- Emblem of the 209th Corps
- Active: 23 September 2004 –14 August 2021
- Country: Afghanistan
- Branch: Afghan National Army
- Type: Corps
- Headquarters: Mazar-i-Sharif Province, Afghanistan
- Nickname(s): Shaheen (Falcon)
- Engagements: War in Afghanistan (2001–2021)

Commanders
- Last commander: General Zabihullah Mohmand

Insignia

= 209th Corps (Afghanistan) =

The 209th 'Shaheen' (Falcon) Corps was a corps, or military district, of the Afghan National Army. Its headquarters, Camp Shaheen, was at Mazar-i-Sharif, Balkh Province. It worked closely with the German-led Resolute Support Mission TAAC North, and had its 1st Brigade at Mazar-i-Sharif and a Second Brigade at Kunduz. A United States Army Corps of Engineers solicitation for Kunduz headquarters facilities for the Second Brigade was issued in March 2008. The corps was supported by the Mazar-i-Sharif Regional Support Squadron of the AAF, equipped with eight helicopters: four transport to support the Corps' commando battalion, two attack, and two medical transport helicopters. In October 2015, as a response to the Battle of Kunduz, reports came that a new division would be formed in the area.

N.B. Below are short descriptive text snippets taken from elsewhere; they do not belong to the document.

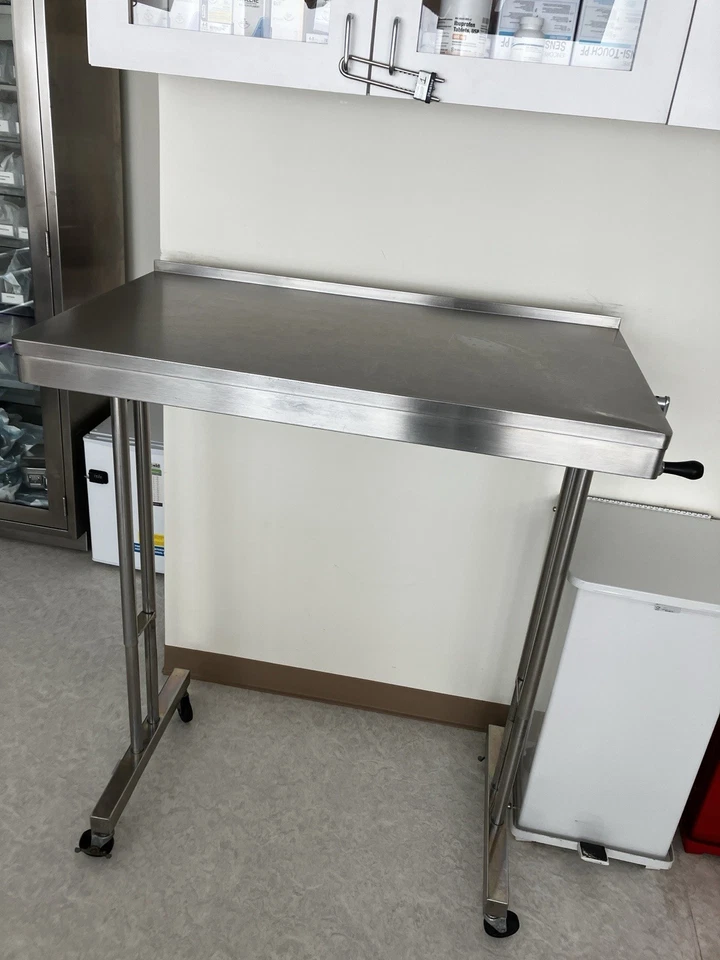 Mesa de instrumentos quirúrgicos de acero inoxidable - grado O, altura ajustable manual Foto 2 de 4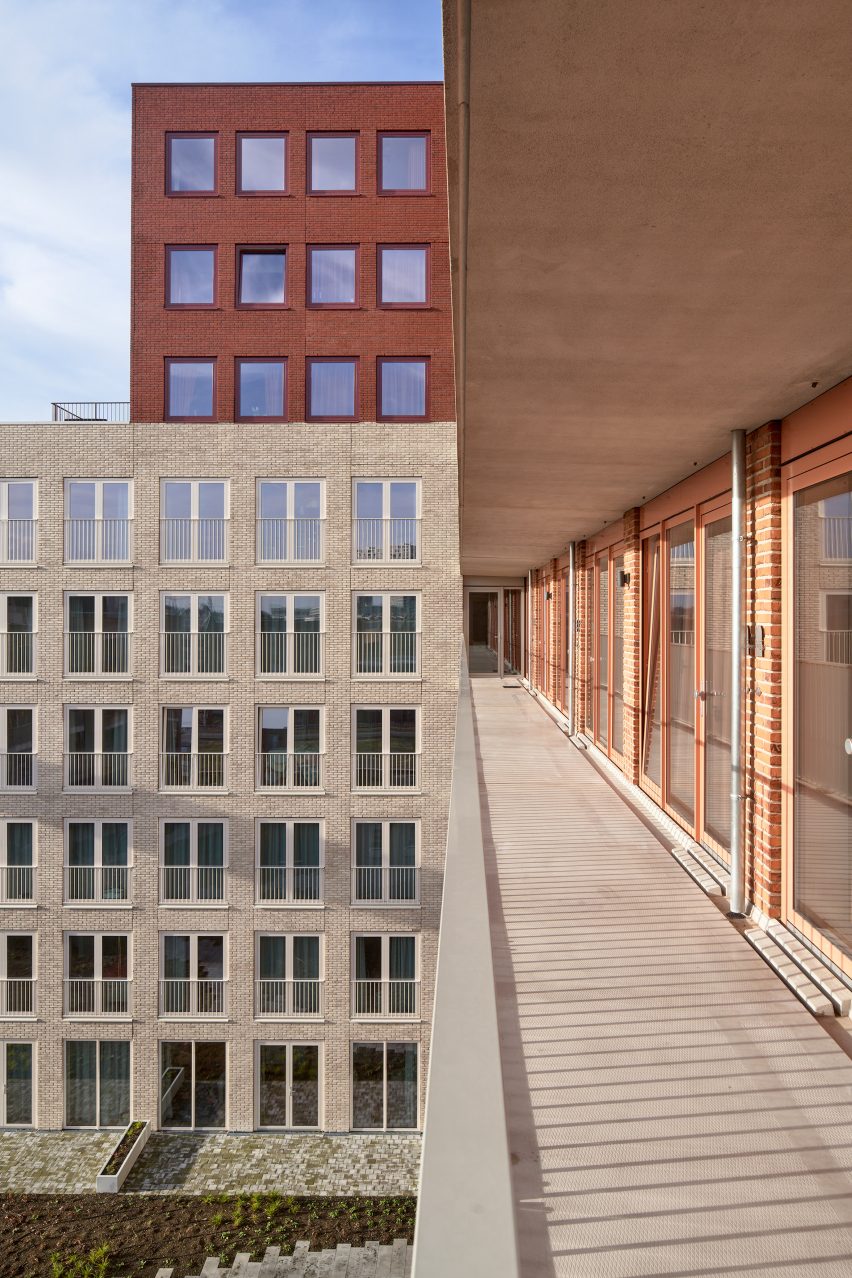 Exterior shot of Shift Architecture Urbanism's Domus Houthaven residential complex
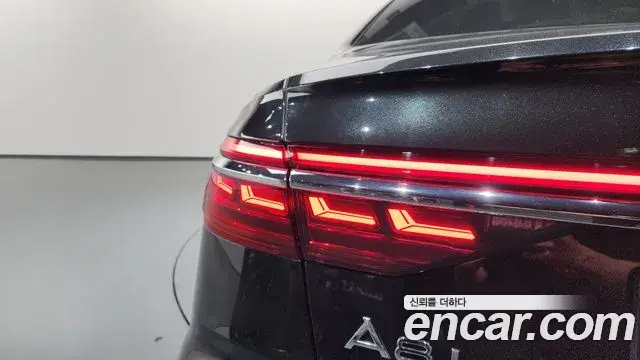 Audi A8 2021 — Photo 32/37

During the Taliban offensive in 2021, the Corps was charged with the security of Northern Afghanistan. On 14 August 2021, the Corps along with its commander, Zabihullah Mohmand, surrendered to the Taliban.

==2017 Camp Shaheen attack==

On 21 April 2017, Taliban fighters attacked Camp Shaheen killing at least 160 Afghan soldiers and wounding many others. This made the attack the bloodiest in the conflict with the Taliban since 2001 when they were removed from power.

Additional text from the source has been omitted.